My quest for functional art combined with 2-D art landed me on the idea of clocks. And clocks are what I made.
I started out with the idea of cutting unique recognizable shapes out of wood with my parent’s scroll saw. It worked brilliantly, especially since I didn’t have to buy any wood. I had press board and thin quality wood piled up randomly around the studio. That’s my pack rat side; I can’t throw something out that might be useful for a future project.
I cut out stars, guitar picks, hot air balloons and plain circles. Then I primed and painted them in various colors. Some of them I took my time and painted elaborate artistic scenes. Others I painted quick back grounds so I could embellish them in creative ways.
One of my favorites was a rectangle piece of wood thatI had cut out a medium size star from the lower right hand corner. I only had intention of using the star, but when I saw the piece of wood left behind after the star was cut out I fell in love. I primed it up and painted night sky cityscape. I painted a starry sky above the city and then cut out stars and painted them in beautiful changing colors to mount for numbers.
I found ways to incorporate many different loves of my past into clocks, one of them being watercolor. There are ways to prime almost any surface to accept almost any medium. And lucky me I know my way around those odd projects thanks to my dues paid in art supply retail.
When my free pile of wood started to diminish to nothingness I began to fret over how much material was actually going to cost me. Up to that point I was using stock from my studio for almost everything except clock mechanisms. This is when I started to think of alternative materials that I could cut into desired shapes.

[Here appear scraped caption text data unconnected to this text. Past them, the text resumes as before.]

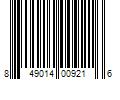 Barcode Image for UPC code 849014009216. Product Name: Ekena Millwork Paris Scroll, Left 17.75-in W x 7.375-in H Primed Applique in White | ONL17X07X01PA-L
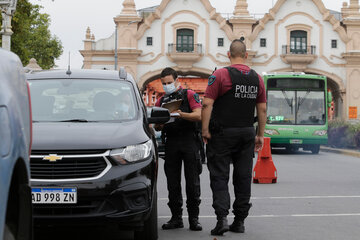 Cuáles son los accesos vehiculares y puentes peatonales habilitados en CABA (Fuente: Bernardino Avila)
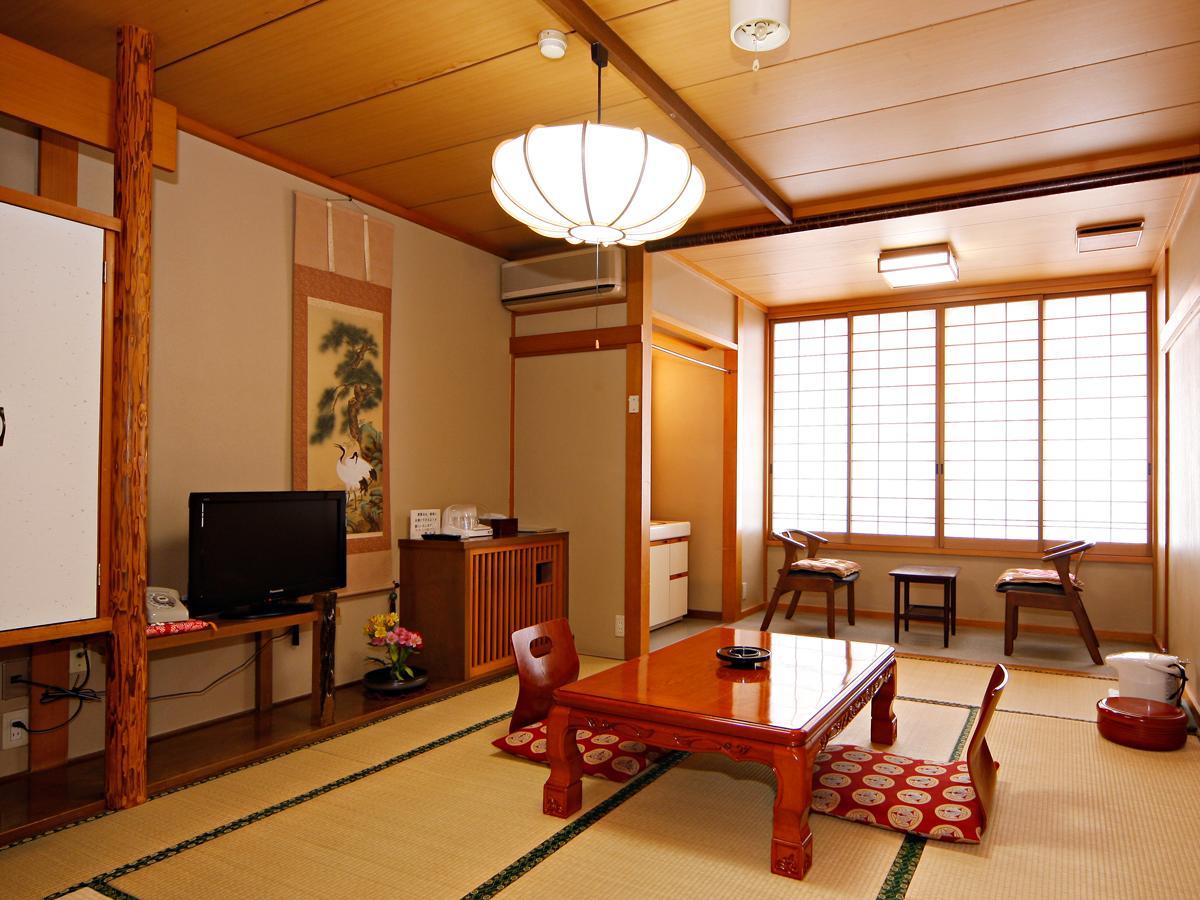 Ryokan Seizan-So Kaminojama Kültér fotó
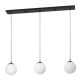 EGLO, 900512, RONDO 3, pendant, E27, 3X40W, IP20, white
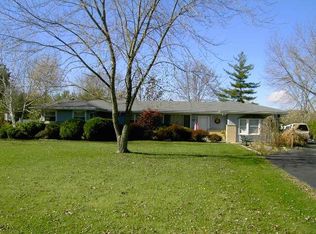 8923 N 700 W, Fountaintown, IN 46130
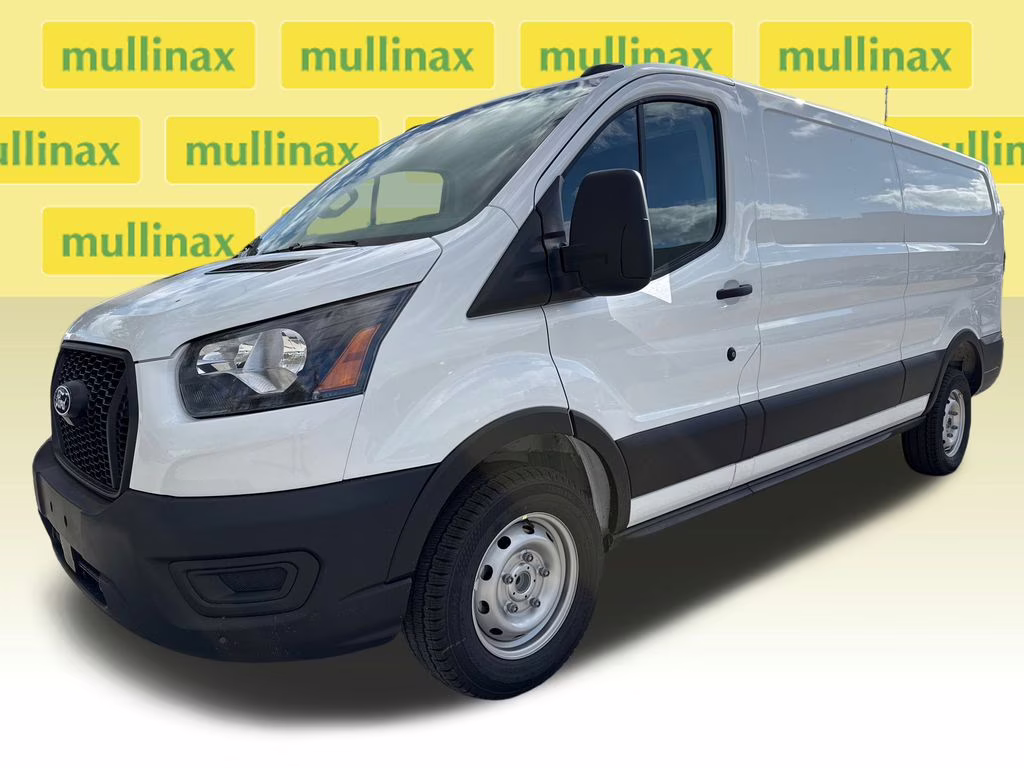 2026 Oxford White Ford Transit-150 Base RWD Van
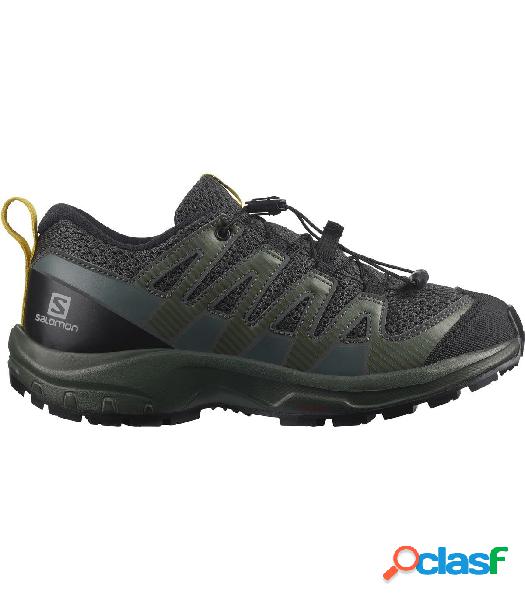 Zapatillas Salomon Xa Pro V8 J Niños Black 34
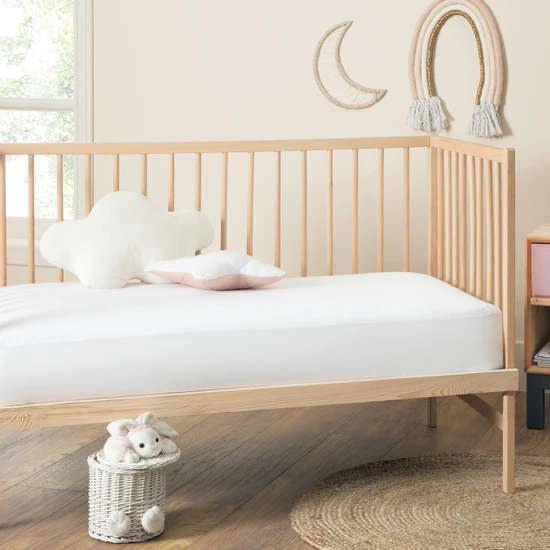 Yataş Mini  Bambu Sıvı Geçirmez Bebek Alez 60 x 120 cm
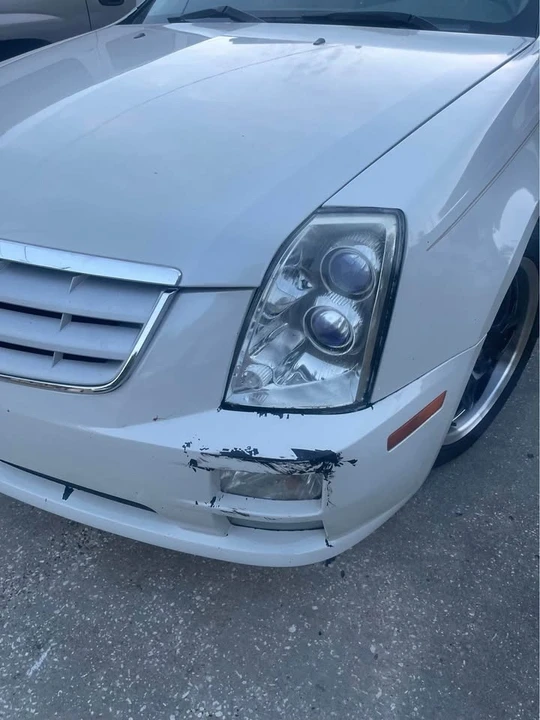 2006 Cadillac STS - Image 8 of 10
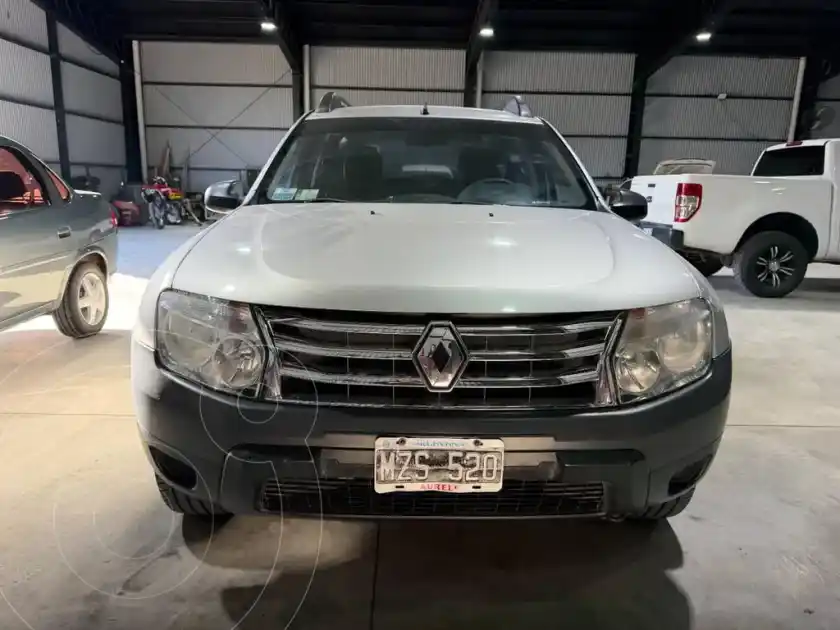 Renault Duster Duster 1.6 4X2 Confort  2013 - foto 4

I had already started using old vinyl records for plain circle clocks and they worked great. The records were perfect. They were light weight, already had a hole for the clock mechanism, perfect size and best of all I could acquire them in large quantities for free. The only obstacle was getting them into the shape I wanted.
It took a lot of experimenting. I went through quite a few tools and supplies before I finally started to catch on. Heating them up in the oven was not an option I decided. It felt wrong to put possibly toxic plastic into the same facility I baked my famous chocolate-chocolate chip cookies. So after a lot of testing and tool experimentation I finally figured it out. My detail is still somewhat limited. The only way to get around that is to invest in a laser cutter. An idea I wish I never would have mentioned to my husband. Guys will do anything for a tool, even if it’s one they don’t really need. Luckily its too expensive to buy on a whim. I need a new drill before a laser cutter.
So I’ve scrapped the wood dials, except for a few particular clocks that just work better in wood, and have moved completely over to upcycled records. I haven’t looked back. I cut, paint, layer, embellish, paint some more and have so much fun with it.